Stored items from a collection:

┏━━

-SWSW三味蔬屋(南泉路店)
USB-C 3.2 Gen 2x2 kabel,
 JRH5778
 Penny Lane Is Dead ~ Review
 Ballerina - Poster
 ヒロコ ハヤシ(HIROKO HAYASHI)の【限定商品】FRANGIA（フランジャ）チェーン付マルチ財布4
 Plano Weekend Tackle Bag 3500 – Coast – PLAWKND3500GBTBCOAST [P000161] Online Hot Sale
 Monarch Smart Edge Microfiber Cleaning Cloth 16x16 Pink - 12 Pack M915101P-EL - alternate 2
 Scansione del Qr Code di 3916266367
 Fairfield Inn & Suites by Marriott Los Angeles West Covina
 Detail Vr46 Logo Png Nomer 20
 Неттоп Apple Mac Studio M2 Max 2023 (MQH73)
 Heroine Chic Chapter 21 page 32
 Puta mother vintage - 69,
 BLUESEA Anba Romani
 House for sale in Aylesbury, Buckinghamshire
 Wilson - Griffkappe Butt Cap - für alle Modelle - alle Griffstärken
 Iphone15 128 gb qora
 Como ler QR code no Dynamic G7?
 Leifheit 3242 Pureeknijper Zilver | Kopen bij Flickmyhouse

┗━━

**Exercise instructions:**
Retype each record, matching it exactly.

**Expected output:**
-SWSW三味蔬屋(南泉路店)
USB-C 3.2 Gen 2x2 kabel,
 JRH5778
 Penny Lane Is Dead ~ Review
 Ballerina - Poster
 ヒロコ ハヤシ(HIROKO HAYASHI)の【限定商品】FRANGIA（フランジャ）チェーン付マルチ財布4
 Plano Weekend Tackle Bag 3500 – Coast – PLAWKND3500GBTBCOAST [P000161] Online Hot Sale
 Monarch Smart Edge Microfiber Cleaning Cloth 16x16 Pink - 12 Pack M915101P-EL - alternate 2
 Scansione del Qr Code di 3916266367
 Fairfield Inn & Suites by Marriott Los Angeles West Covina
 Detail Vr46 Logo Png Nomer 20
 Неттоп Apple Mac Studio M2 Max 2023 (MQH73)
 Heroine Chic Chapter 21 page 32
 Puta mother vintage - 69,
 BLUESEA Anba Romani
 House for sale in Aylesbury, Buckinghamshire
 Wilson - Griffkappe Butt Cap - für alle Modelle - alle Griffstärken
 Iphone15 128 gb qora
 Como ler QR code no Dynamic G7?
 Leifheit 3242 Pureeknijper Zilver | Kopen bij Flickmyhouse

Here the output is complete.